Location and Construction

Arch for Septimius Severus

view of the arch's forum-facing side, with the Capitoline Hill in the background

The Arch is located at the far end of the Forum Romanum, near the Capitoline Hill. As Diane Favro notes, when it was built, no new additions had been made to this Forum for seventy years, and when it was completed, it sealed the only open end of the Forum, thereby making the rest of the Forum difficult to access with construction vehicles. It was placed directly in front of the Temple of Concordia and west of the Curia Iulia, where the Senate met.  
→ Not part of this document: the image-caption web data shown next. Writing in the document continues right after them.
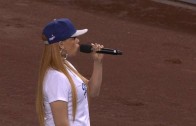 Faith Evans sings America the Beautiful at Dodgers Stadium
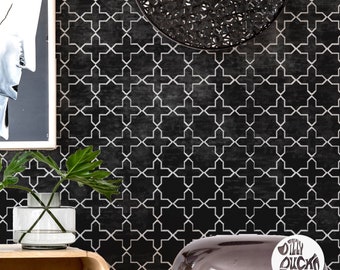 WALL STENCIL - Rabat Moroccan Boho Geo Floor Wall Stencil for Painting - Designs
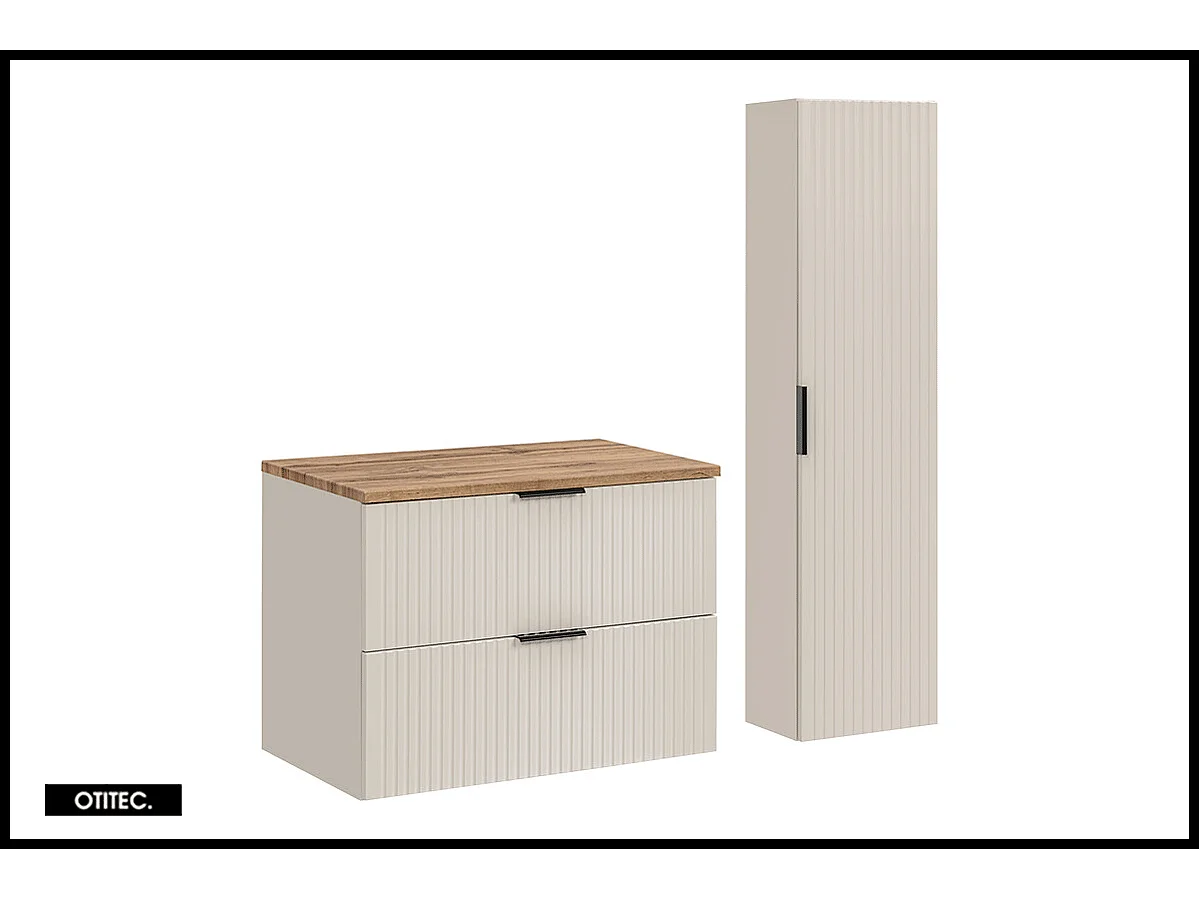 Ensemble meuble de salle de bain de 80 cm - avec plan - avec colonne - LIVA CASHMERE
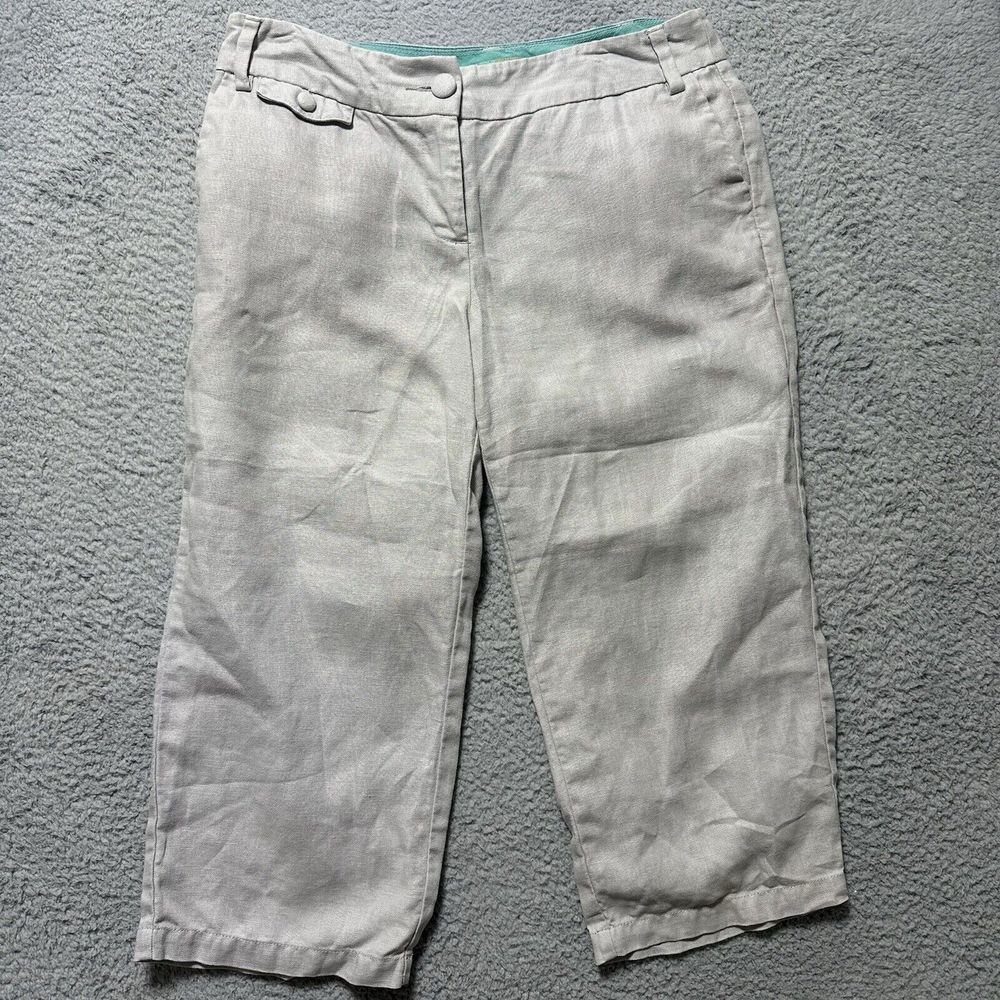 Boden Linen‎ Cropped Pants Gray Neutral 10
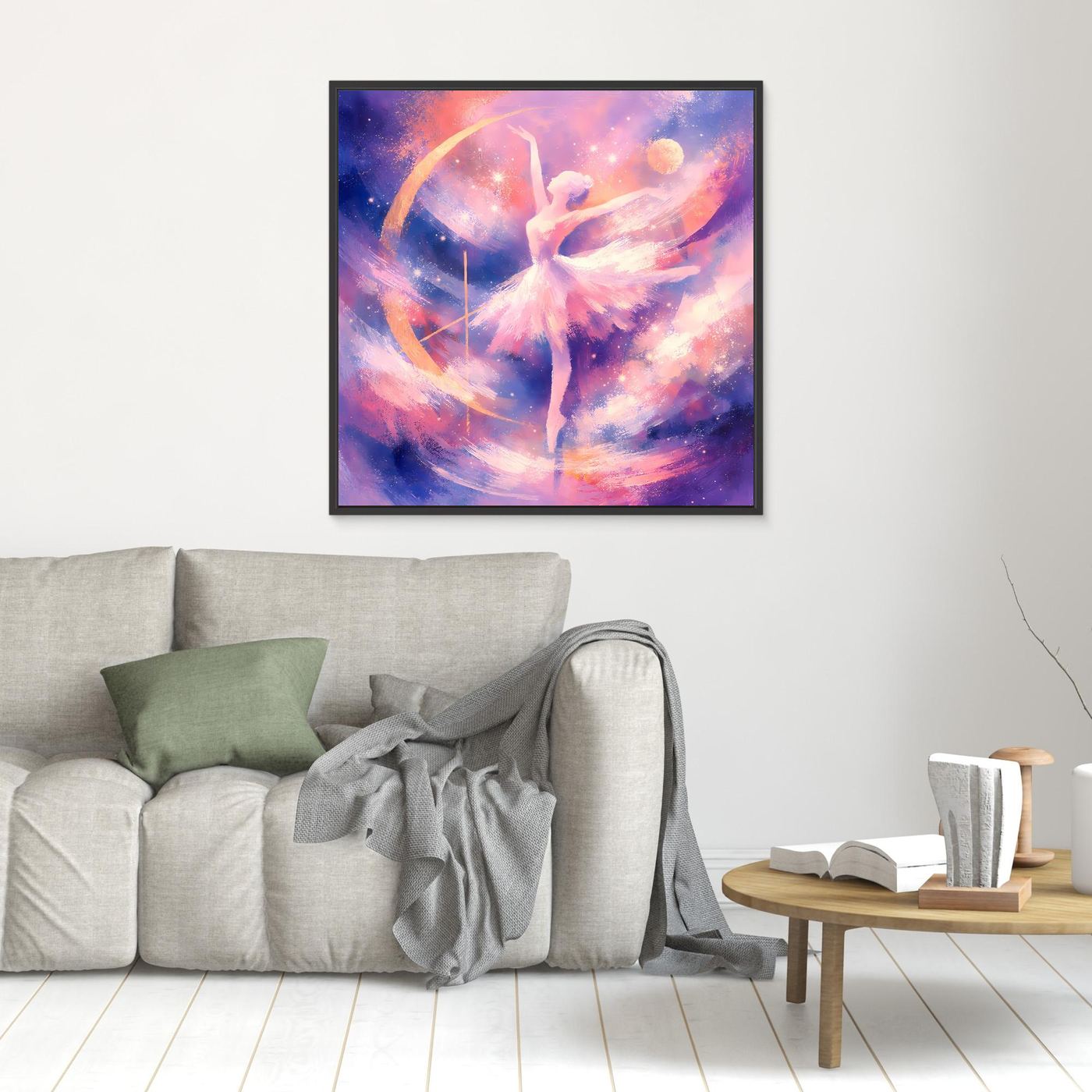 Kleines Leinwandbild mit Ballerina im Flügel-Design, schwarz gerahmt, Sternenverlauf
As Diane Favro argues, construction of the Arch would have been particularly difficult because it is located so deep within the city. Marble would have been quarried outside of Rome, transported to its borders, and moved through the city to the Forum on unwieldy wagons via one of only two available routes. Once it was there, the foundations were laid, and the body itself was built and the attic was added with a series of progressively more elevated cranes that significantly obstructed the rest of the Forum. Finally, ornamentation was added from the scaffolding before it was deconstructed. The construction would have taken roughly a year.1

BR


1. Diane Favro, “Construction Traffic in Imperial Rome: Building the Arch of Septimius Severus,” in Rome, Ostia, Pompeii: Movement and Space, eds Ray Laurence and David J. Newsome (Oxford: Oxford University Press, 2011), 356.